Both artists’ lyrics were informed by love lives that were complicated and destroying them, both had health problems that were exacerbated by being out on tour. Both lost themselves in performance, living the life they needed to live and consequently sacrificed everything to live that life.


They differ only in that Amy lived to see the success and rapturous response garnered by Back To Black. Curtis was dead before Closer was released. And Amy had to face the unbearable, unrelenting scrutiny of the British media as she fell apart. Thankfully, Curtis never had that burden.



Back To Black is a massive leap on from Frank. Mark Ronson, the producer, deserves huge credit for finding a way to evolve Amy’s sound and style – bringing in The Daptones was a stroke of genius. Similarly, Closer was a huge leap forward, building on its predecessor’s unique production to incorporate a wider range of styles and making use of new technology now available to them.


The music of Back To Black is evocative, upbeat, yet the lyrics are truly bleak.
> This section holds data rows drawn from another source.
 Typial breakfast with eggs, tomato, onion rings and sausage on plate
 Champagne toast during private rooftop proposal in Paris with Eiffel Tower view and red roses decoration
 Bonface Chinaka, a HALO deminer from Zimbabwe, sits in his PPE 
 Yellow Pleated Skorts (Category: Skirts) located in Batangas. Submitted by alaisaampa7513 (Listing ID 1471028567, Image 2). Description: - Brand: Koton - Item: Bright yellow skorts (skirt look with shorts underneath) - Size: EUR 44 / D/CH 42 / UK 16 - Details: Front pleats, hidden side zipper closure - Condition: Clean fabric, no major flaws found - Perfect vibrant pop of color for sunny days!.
Ronson made a huge contribution, but this was Amy's show, her broken masterpiece.


Look at Wake Up Alone – “this ache in my chest, as my day is done now. The dark covers me and I cannot run now”.



Now compare to Joy Division’s 24 Hours“now that I've realized how it's all gone wrong; gotta find some therapy, this treatment takes too long”. Both artists are telling us they are lost. But it feels like this is invisible to the listener, too focused on the tunes, on the musical leaps both artists had made. Both are cries for help, buried by (admittedly different) upbeat catchy music.
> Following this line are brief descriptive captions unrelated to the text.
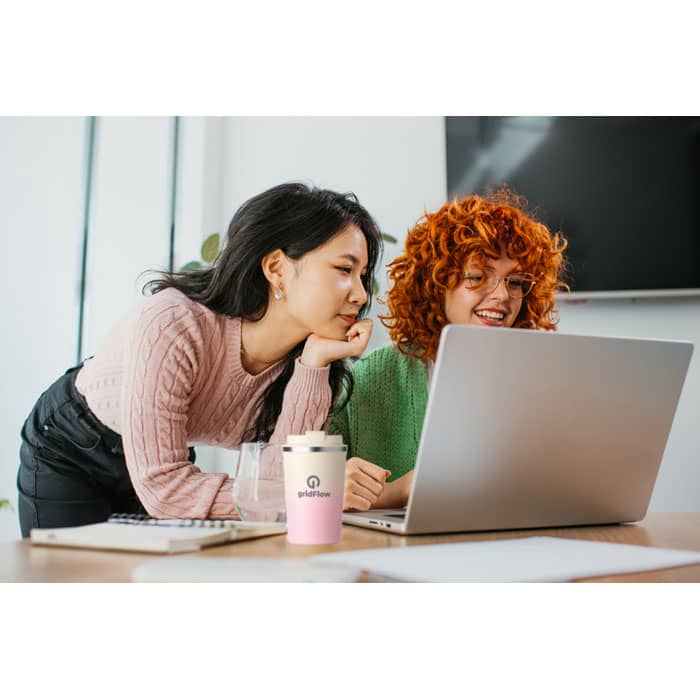 Two young women are looking at a laptop, sharing a moment together. One has dark hair, the other has curly red hair. A pink drink cup is on the table.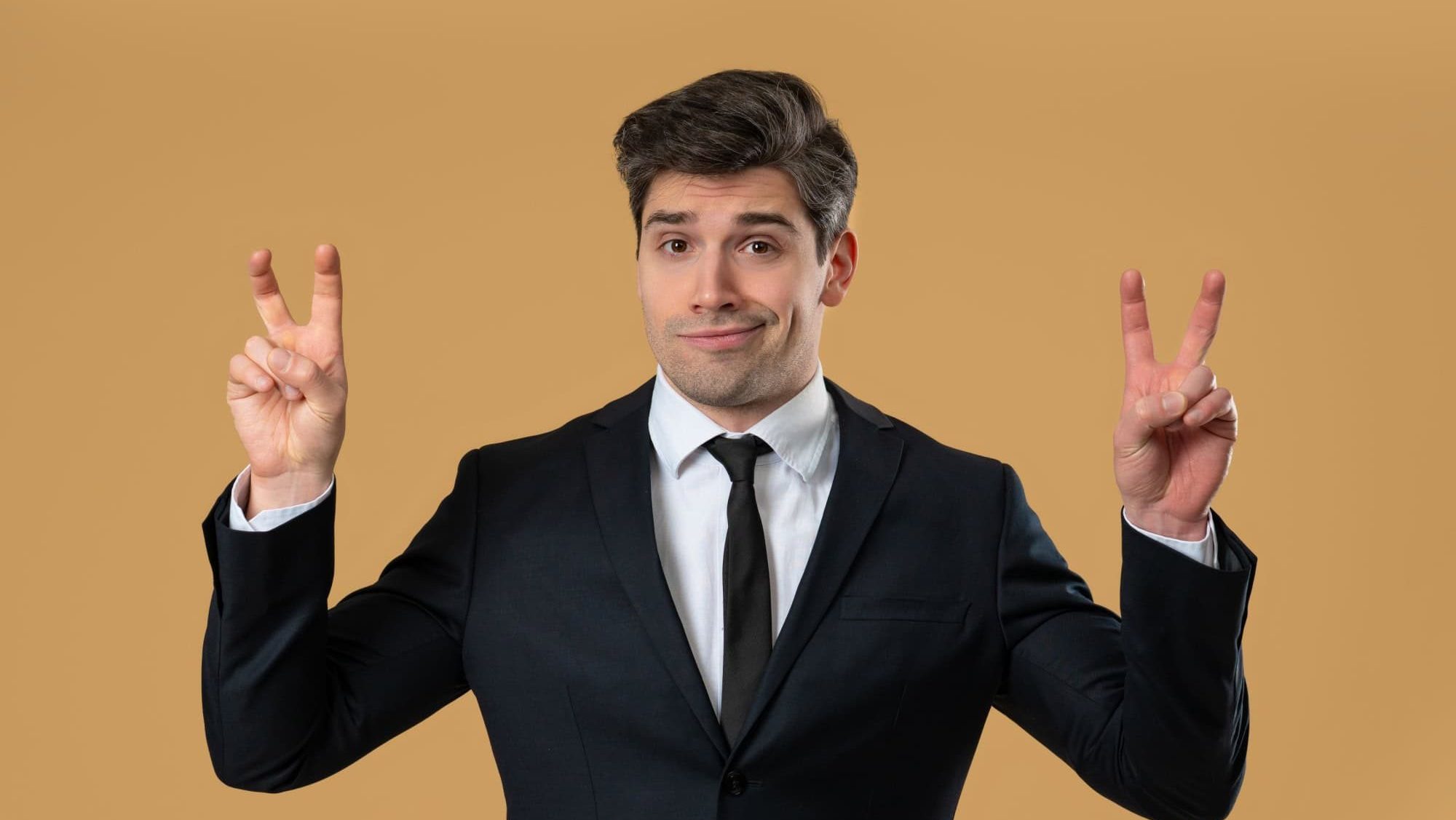 Smirking suspicious 30s businessman in formal wear with hands two fingers air quotes gesture on warm yellow, sarcasm. Not funny. High quality
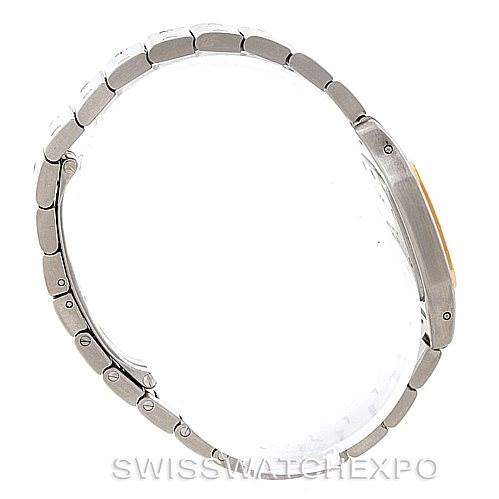 The image shows a side view of a Cartier Santos W20012C4 Women
s Stainless Steel Silver Dial W20012C4 Women
s Stainless Steel Silver Dial watch, focusing on the bracelet and the watch case
s thickness.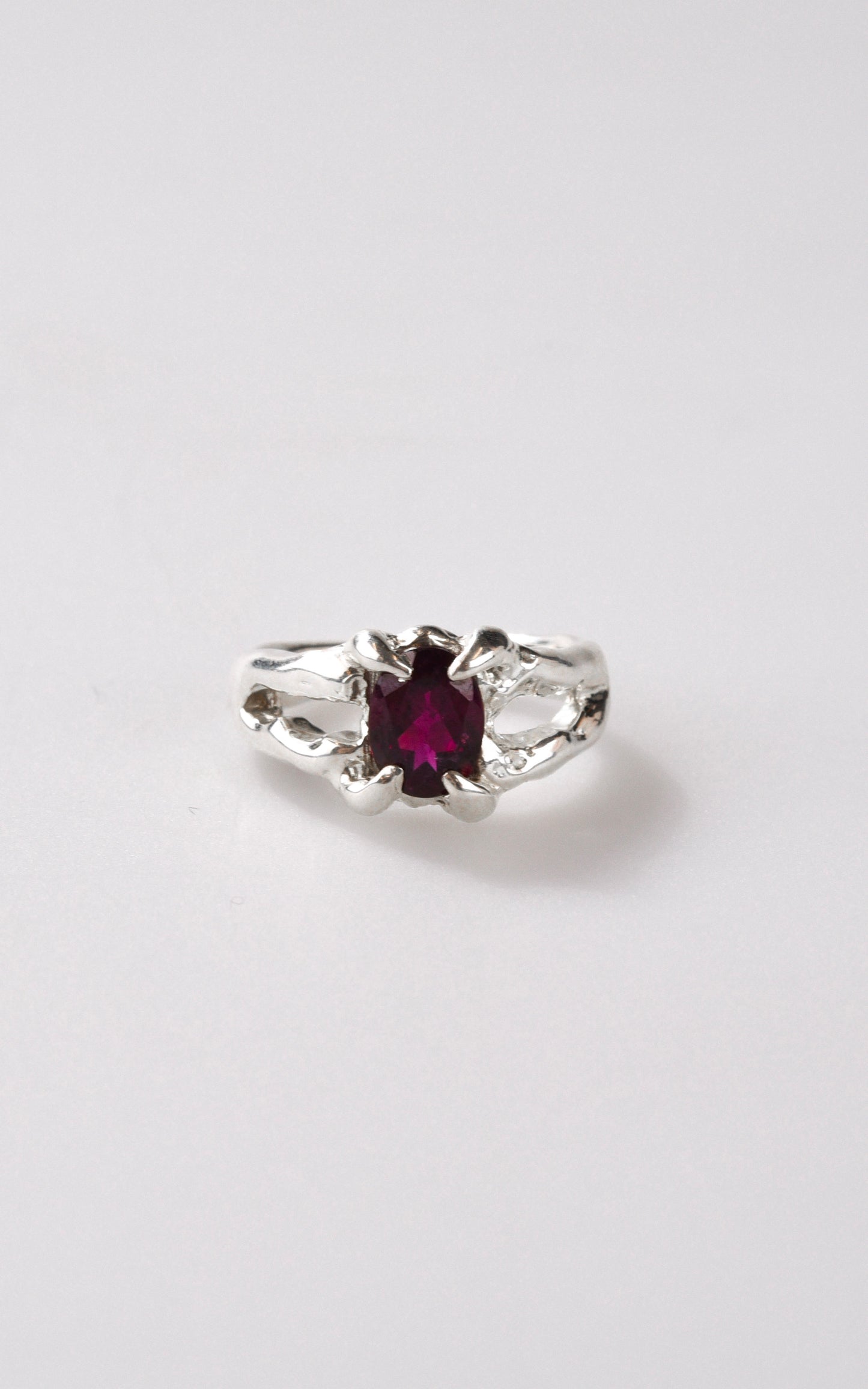 Silver ring with a burgundy maroon gemstone on a white background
Rehab with its “no, no, no” refrain was funny, infectious as hell – we ignored what it was describing which was an ill young woman refusing the help she desperately needed. Similarly, Love Will Tear Us Apart (Closer’s accompanying single) is a joyous, soaring tune, yet its last lyric is “Just that something so good, just can’t function no more” – it’s grim, shouting how broken the singer is. This was a man unable to cope with the disintegration of his marriage and the damage caused by his affair.



It’s easy to criticise those around Amy and Ian for not doing more. In the 2007 documentary, Joy Division, members of the band discuss Ian Curtis’ lyrics. Terry Mason, their roadie/tour manager, ruminates that he never listened to the lyrics – none of them did. It was only when he read them in Ian’s widow’s book in 1995, Touching From A Distance, that he realised what he was writing – “it’s only years on when you see them wrote down when Debbie published them - oh my God….is that what he was singing?”.


Similarly, Amy’s family and friends have been caught in the aftermath and blame – the accusation that they could have done more. But who knows what they did do, and who knows how any of us would cope with someone so determined, so challenging, so broken…Reclaiming Amy on BBC this weekend certainly challenges that perception.


Listening back now, I feel it’s almost voyeuristic. We are listening to the end of two people’s lives. But I push back that guilt and try and enjoy the beauty of these songs born from tragedy.


Love Is A Losing Game is truly one of the most gorgeous, heartbreaking songs I have ever heard - "Over futile odds and laughed at by the gods. And now the final frame - love is a losing game". You know this is her and her husband, their dysfunctional relationship poured out for all to see. Similarly, Decades is sublime, ghostly, his distressed view of his own life, and the promise unfulfilled. The music is also the wayfinder for where the remaining members of Joy Division would go next, with the icy disco of New Order. It's a strange love song to the band in its own way.


My family are from Sligo, and its most famous son was WB Yeats – his poem Easter 1916 has a line that encapsulates both albums perfectly “a terrible beauty is born”.


But ultimately, beauty is the word. Both artists left two beautiful works – to quote Peter Saville, Joy Division’s designer, “There’s two works Unknown Pleasures and Closer and that’s it. Everything else is merchandising – merchandising of memory”. The same is true for Frank and Back To Black. Everything else is just clinging to memories.


So this weekend, I will listen to their finest moments, be thankful that they gave us such beautiful albums, and thank them for the terrible cost that these came with.